▶ **Problem statement**
Exactly and only the lines from the first entry through the line with "Tiled temple roof" should be copied, both ends included, with no pictures.

▶ **Data**
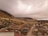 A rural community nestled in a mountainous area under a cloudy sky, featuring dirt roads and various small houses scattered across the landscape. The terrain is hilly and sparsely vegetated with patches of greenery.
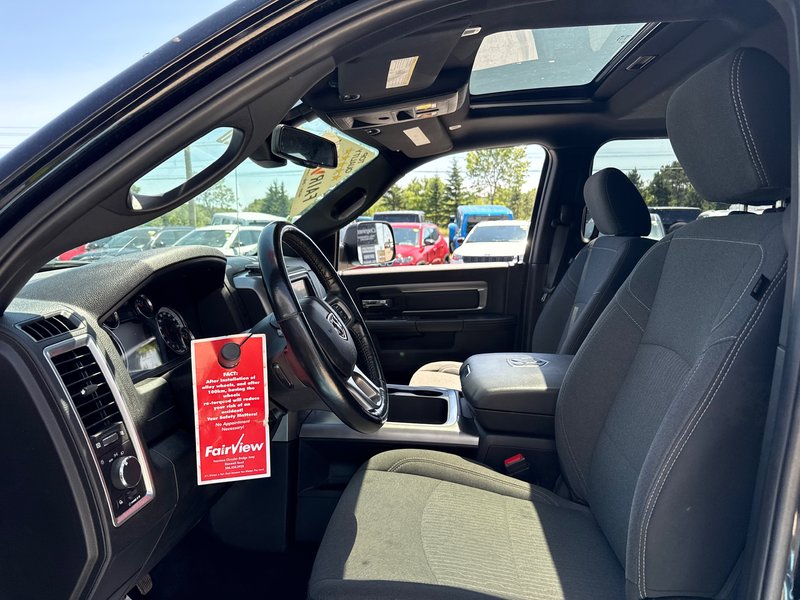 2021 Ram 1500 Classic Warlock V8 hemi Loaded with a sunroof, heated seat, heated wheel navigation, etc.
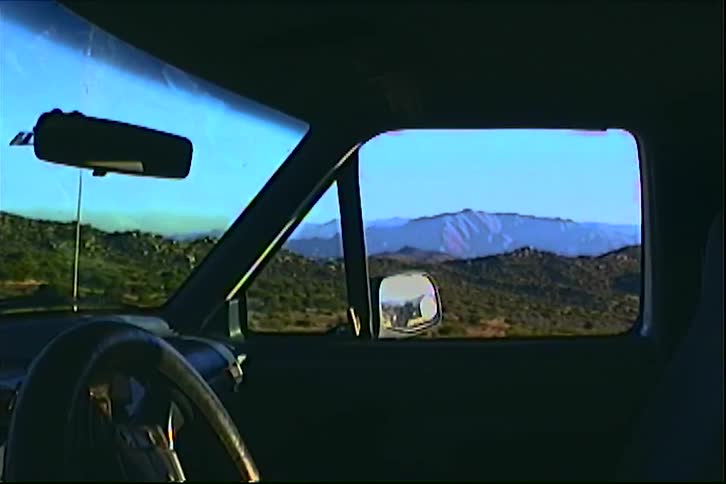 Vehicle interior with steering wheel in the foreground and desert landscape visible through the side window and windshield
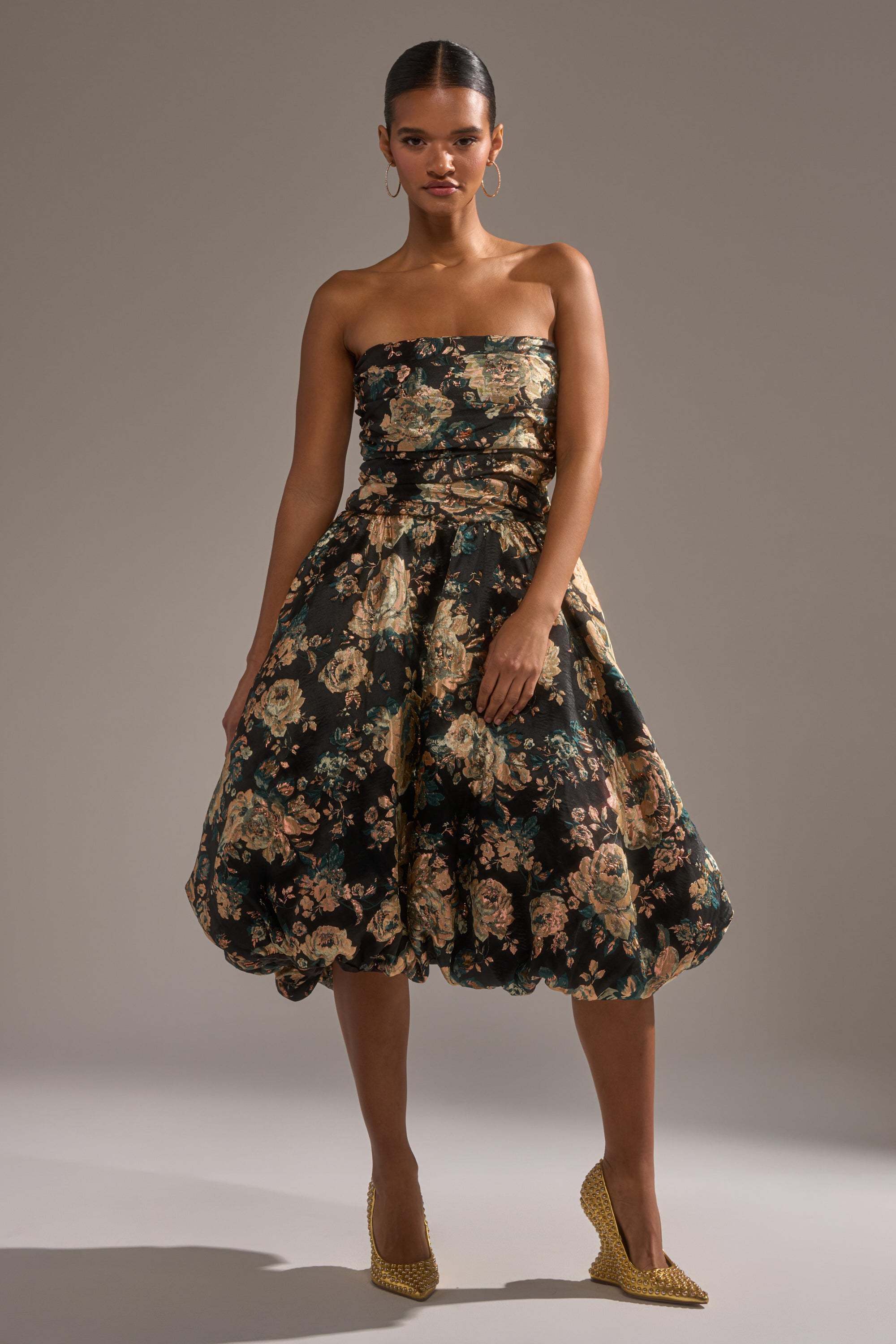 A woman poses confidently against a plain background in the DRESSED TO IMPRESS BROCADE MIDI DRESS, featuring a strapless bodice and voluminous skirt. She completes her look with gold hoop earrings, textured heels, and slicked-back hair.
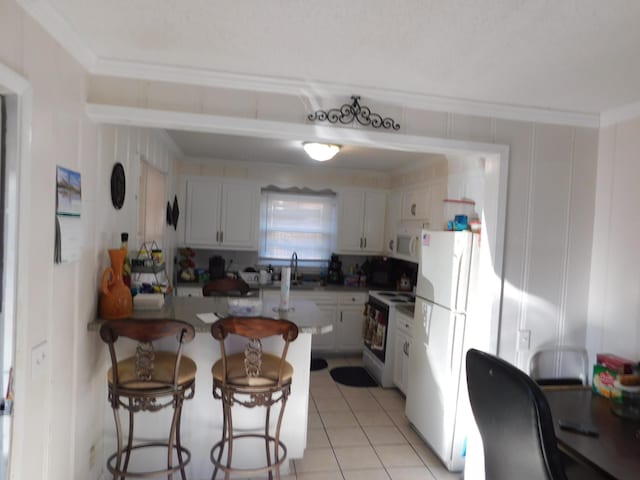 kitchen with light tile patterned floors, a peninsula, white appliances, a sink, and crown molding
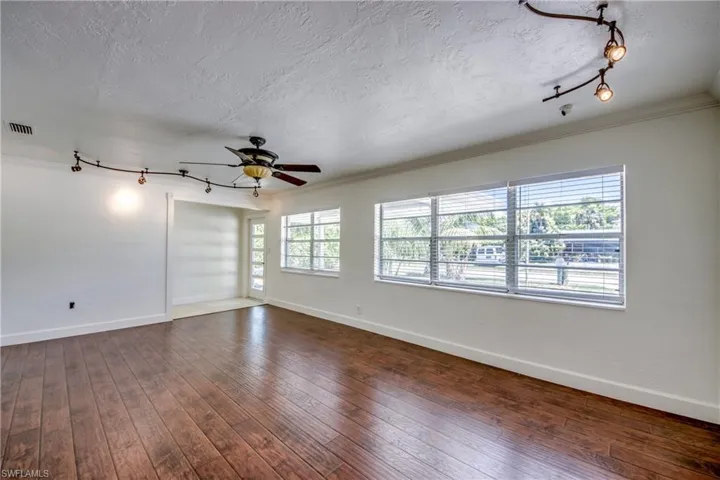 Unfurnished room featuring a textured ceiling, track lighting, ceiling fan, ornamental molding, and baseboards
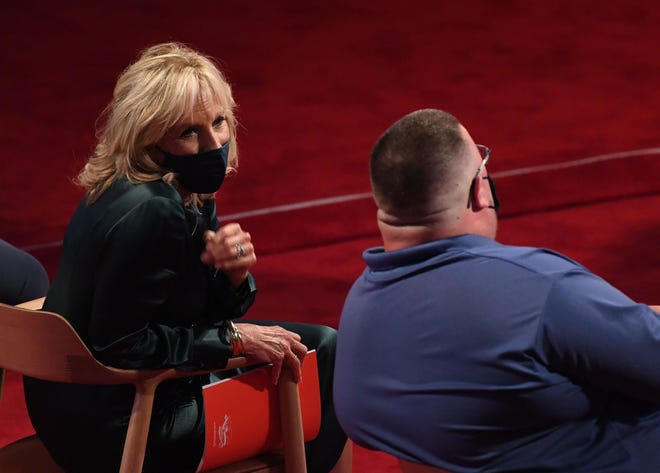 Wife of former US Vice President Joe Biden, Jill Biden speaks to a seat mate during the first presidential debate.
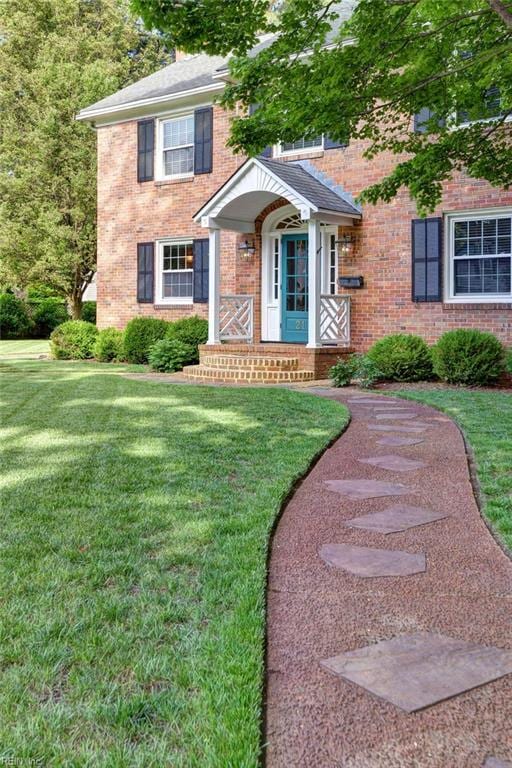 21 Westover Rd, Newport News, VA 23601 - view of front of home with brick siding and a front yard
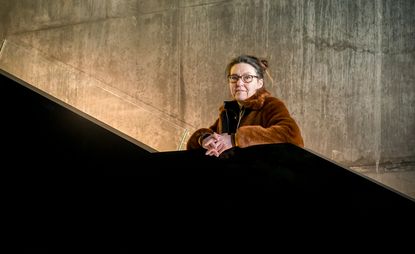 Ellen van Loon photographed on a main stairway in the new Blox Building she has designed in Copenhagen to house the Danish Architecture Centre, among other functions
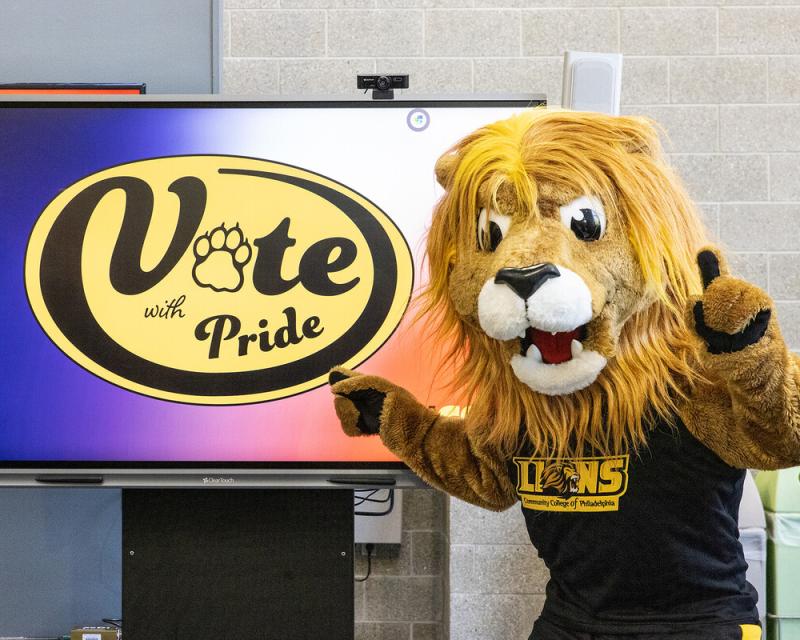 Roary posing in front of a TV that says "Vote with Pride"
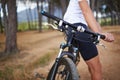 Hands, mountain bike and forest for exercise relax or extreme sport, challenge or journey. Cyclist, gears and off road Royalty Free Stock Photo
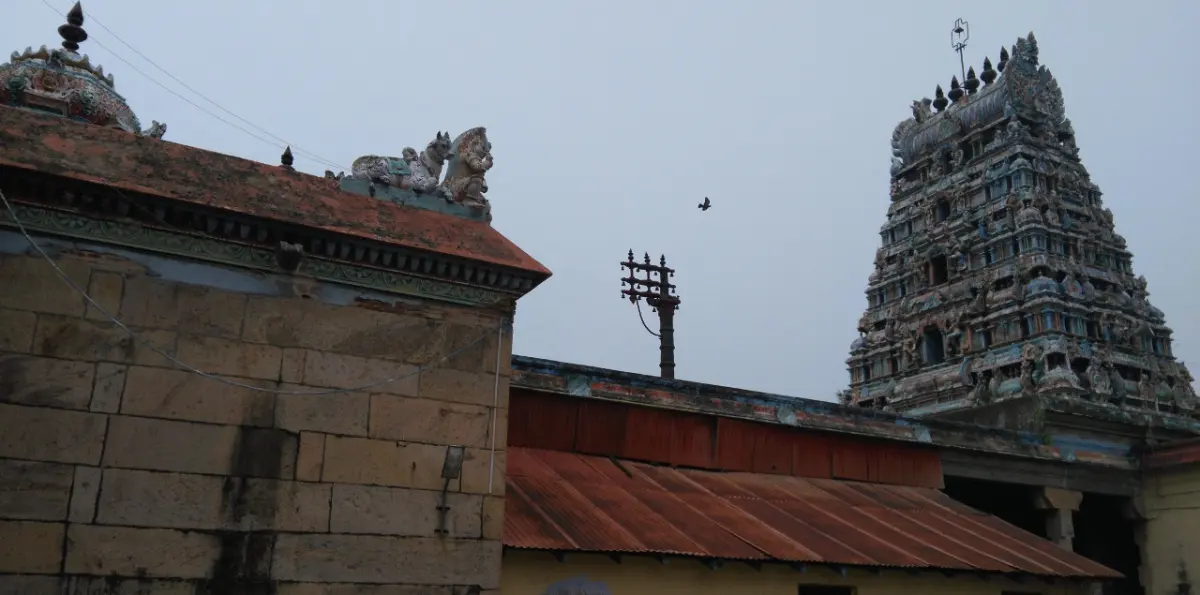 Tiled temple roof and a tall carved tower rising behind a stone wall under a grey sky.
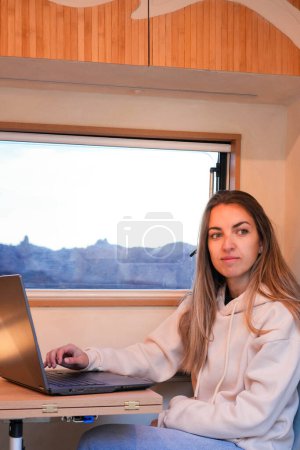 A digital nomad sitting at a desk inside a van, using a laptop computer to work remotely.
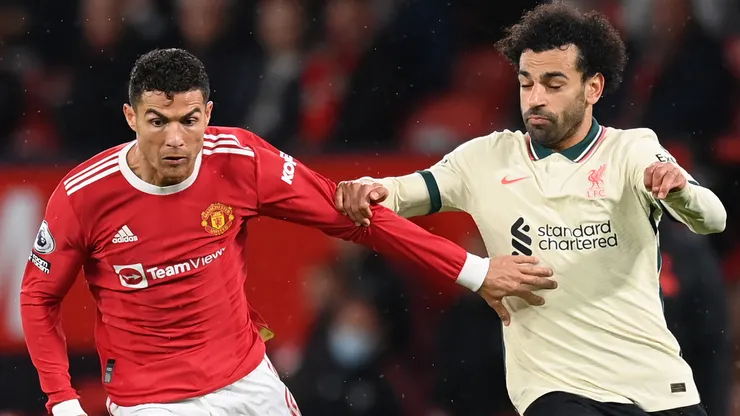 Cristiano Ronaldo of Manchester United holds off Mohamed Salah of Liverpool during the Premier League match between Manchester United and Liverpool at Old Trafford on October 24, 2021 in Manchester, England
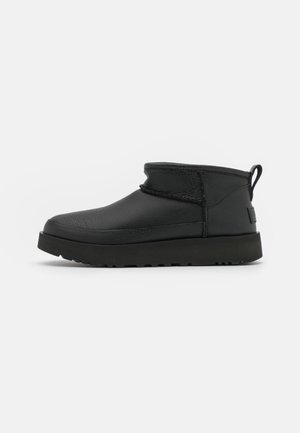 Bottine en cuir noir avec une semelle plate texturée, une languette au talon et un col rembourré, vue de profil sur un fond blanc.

▶ **Finished exercise**
 A rural community nestled in a mountainous area under a cloudy sky, featuring dirt roads and various small houses scattered across the landscape. The terrain is hilly and sparsely vegetated with patches of greenery.
 2021 Ram 1500 Classic Warlock V8 hemi Loaded with a sunroof, heated seat, heated wheel navigation, etc.
 Vehicle interior with steering wheel in the foreground and desert landscape visible through the side window and windshield
 A woman poses confidently against a plain background in the DRESSED TO IMPRESS BROCADE MIDI DRESS, featuring a strapless bodice and voluminous skirt. She completes her look with gold hoop earrings, textured heels, and slicked-back hair.
 kitchen with light tile patterned floors, a peninsula, white appliances, a sink, and crown molding
 Unfurnished room featuring a textured ceiling, track lighting, ceiling fan, ornamental molding, and baseboards
 Wife of former US Vice President Joe Biden, Jill Biden speaks to a seat mate during the first presidential debate.
 21 Westover Rd, Newport News, VA 23601 - view of front of home with brick siding and a front yard
 Ellen van Loon photographed on a main stairway in the new Blox Building she has designed in Copenhagen to house the Danish Architecture Centre, among other functions
 Roary posing in front of a TV that says "Vote with Pride"
 Hands, mountain bike and forest for exercise relax or extreme sport, challenge or journey. Cyclist, gears and off road Royalty Free Stock Photo
 Tiled temple roof and a tall carved tower rising behind a stone wall under a grey sky.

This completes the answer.